> _Task to carry out_
Could you set down every entry below exactly as it is?

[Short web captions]
#####
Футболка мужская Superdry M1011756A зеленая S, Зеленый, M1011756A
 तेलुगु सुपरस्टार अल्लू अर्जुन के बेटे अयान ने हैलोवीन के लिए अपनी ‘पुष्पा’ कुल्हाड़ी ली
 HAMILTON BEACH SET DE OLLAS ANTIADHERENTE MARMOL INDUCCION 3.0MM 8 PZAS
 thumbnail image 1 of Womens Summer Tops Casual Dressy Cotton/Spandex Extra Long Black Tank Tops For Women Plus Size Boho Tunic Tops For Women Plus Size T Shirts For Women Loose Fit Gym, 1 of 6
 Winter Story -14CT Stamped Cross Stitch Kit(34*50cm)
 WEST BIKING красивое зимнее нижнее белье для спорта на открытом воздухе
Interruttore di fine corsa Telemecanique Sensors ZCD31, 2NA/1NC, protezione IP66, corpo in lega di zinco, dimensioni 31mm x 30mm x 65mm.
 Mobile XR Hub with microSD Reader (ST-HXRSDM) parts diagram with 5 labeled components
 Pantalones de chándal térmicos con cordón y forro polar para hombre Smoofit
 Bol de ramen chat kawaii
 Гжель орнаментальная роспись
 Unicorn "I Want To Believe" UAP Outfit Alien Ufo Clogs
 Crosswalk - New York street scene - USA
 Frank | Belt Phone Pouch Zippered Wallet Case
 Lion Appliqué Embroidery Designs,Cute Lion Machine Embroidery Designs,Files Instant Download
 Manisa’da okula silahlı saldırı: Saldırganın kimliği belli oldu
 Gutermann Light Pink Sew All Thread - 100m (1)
#####
> _Task answer_
Футболка мужская Superdry M1011756A зеленая S, Зеленый, M1011756A
 तेलुगु सुपरस्टार अल्लू अर्जुन के बेटे अयान ने हैलोवीन के लिए अपनी ‘पुष्पा’ कुल्हाड़ी ली
 HAMILTON BEACH SET DE OLLAS ANTIADHERENTE MARMOL INDUCCION 3.0MM 8 PZAS
 thumbnail image 1 of Womens Summer Tops Casual Dressy Cotton/Spandex Extra Long Black Tank Tops For Women Plus Size Boho Tunic Tops For Women Plus Size T Shirts For Women Loose Fit Gym, 1 of 6
 Winter Story -14CT Stamped Cross Stitch Kit(34*50cm)
 WEST BIKING красивое зимнее нижнее белье для спорта на открытом воздухе
Interruttore di fine corsa Telemecanique Sensors ZCD31, 2NA/1NC, protezione IP66, corpo in lega di zinco, dimensioni 31mm x 30mm x 65mm.
 Mobile XR Hub with microSD Reader (ST-HXRSDM) parts diagram with 5 labeled components
 Pantalones de chándal térmicos con cordón y forro polar para hombre Smoofit
 Bol de ramen chat kawaii
 Гжель орнаментальная роспись
 Unicorn "I Want To Believe" UAP Outfit Alien Ufo Clogs
 Crosswalk - New York street scene - USA
 Frank | Belt Phone Pouch Zippered Wallet Case
 Lion Appliqué Embroidery Designs,Cute Lion Machine Embroidery Designs,Files Instant Download
 Manisa’da okula silahlı saldırı: Saldırganın kimliği belli oldu
 Gutermann Light Pink Sew All Thread - 100m (1)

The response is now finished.